Bush tomatoes, on the other hand, are known as determinate tomatoes. They have a more compact, bushy growth habit and do not require staking or pruning. Bush tomatoes grow to a predetermined size, usually around two to four feet in height, and produce all their fruit within a short period. This makes them ideal for container gardening or smaller spaces. Once they have produced their full crop, the plants typically die off.

Growing Tomatoes

A vegetable grower proudly holds tomatoes. (Credit: Mint Images via Getty Images)

When we’re discussing how to grow tomatoes in pots, UK gardeners will know that it’s pretty straightforward! All you need are some 10cm pots, a packet of tomato seeds, a bag of multi-purpose compost and vermiculite (don’t worry, we’ll explain what that is!)

Fill the pots with the compost (leaving a space of 2-3 centimetres below the rim) and then scatter 2-3 seeds on top of the compost and cover it all with vermiculite.

Vermiculite is a natural mineral that expands when heated and is commonly used in gardening and horticulture. It looks like small, light, and airy flakes or pieces and it improves soil aeration, retains moisture, and provides good drainage. When mixed with soil or compost, it creates a better environment for plant roots, making it easier for them to grow and access nutrients.

Then, water the pot and cover it with cling film or a plastic bag to keep the soil moist.

In one to two weeks, seedlings should appear, so take the plastic cover off and move the pot to a light and airy place such as a windowsill, but be careful not to place them in direct sunlight. They should be kept at a temperature of somewhere between 18°C / 64°F and 22°C / 72°F. Small variations in temperature are fine, but they will struggle at anything below 6°C / 43°F.

This is a step-by-step guide to how to grow tomatoes in pots, but there are a few more points to go, including this handy tip…

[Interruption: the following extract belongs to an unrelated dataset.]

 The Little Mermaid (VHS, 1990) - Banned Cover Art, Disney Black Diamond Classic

If your pots are on the windowsill, the plants will naturally bend toward the light so make sure you turn them round every day or two so they grow evenly.

When to Grow Tomatoes in the UK

Home grown tomato vegetables growing on a vine. (Credit: Denisfilm via Getty Images)

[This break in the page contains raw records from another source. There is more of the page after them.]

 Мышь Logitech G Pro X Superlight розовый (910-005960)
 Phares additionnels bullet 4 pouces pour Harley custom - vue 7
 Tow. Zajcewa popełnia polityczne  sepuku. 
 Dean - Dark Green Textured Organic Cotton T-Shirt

So we know when to plant tomatoes in the UK, but what do you do once they’re happily growing on the windowsill?

When the plants get to about 10 cm tall, they’ll be too cramped for a single pot so carefully take out each plant and transfer it to its own pot to allow the roots to grow.

As soon as they’re big enough, they’ll need to finish growing outside, but you should get them used to outside temperatures by taking them outside for a couple of hours a day. This process is known as hardening off. Each day, increase the time they spend outdoors until such time as you can plant them in your beds.

The specific time you decide when to plant tomatoes in the UK outdoors depends on the weather. Generally speaking they should be ready in early summer. In the UK, once tomato plants are transferred outdoors, they should be planted in a sunny, sheltered spot with well-draining soil, ensuring they’re spaced at least 45 cm apart to allow for adequate growth and airflow.

Regular watering, especially during dry spells, is crucial for maintaining soil moisture; additionally, feeding the plants with a high-potash fertiliser once they start flowering will promote healthy fruit development and enhance flavour.

As tomato plants begin to flower, typically in early to mid-summer in the UK, it’s essential to provide steady support, like staking or caging, to accommodate their growth; following the flowering stage, small green fruits will form and gradually swell, ripening to a full, vibrant colour as they mature. You’ll know when to harvest them when they fully ripen and turn ‘tomato red’!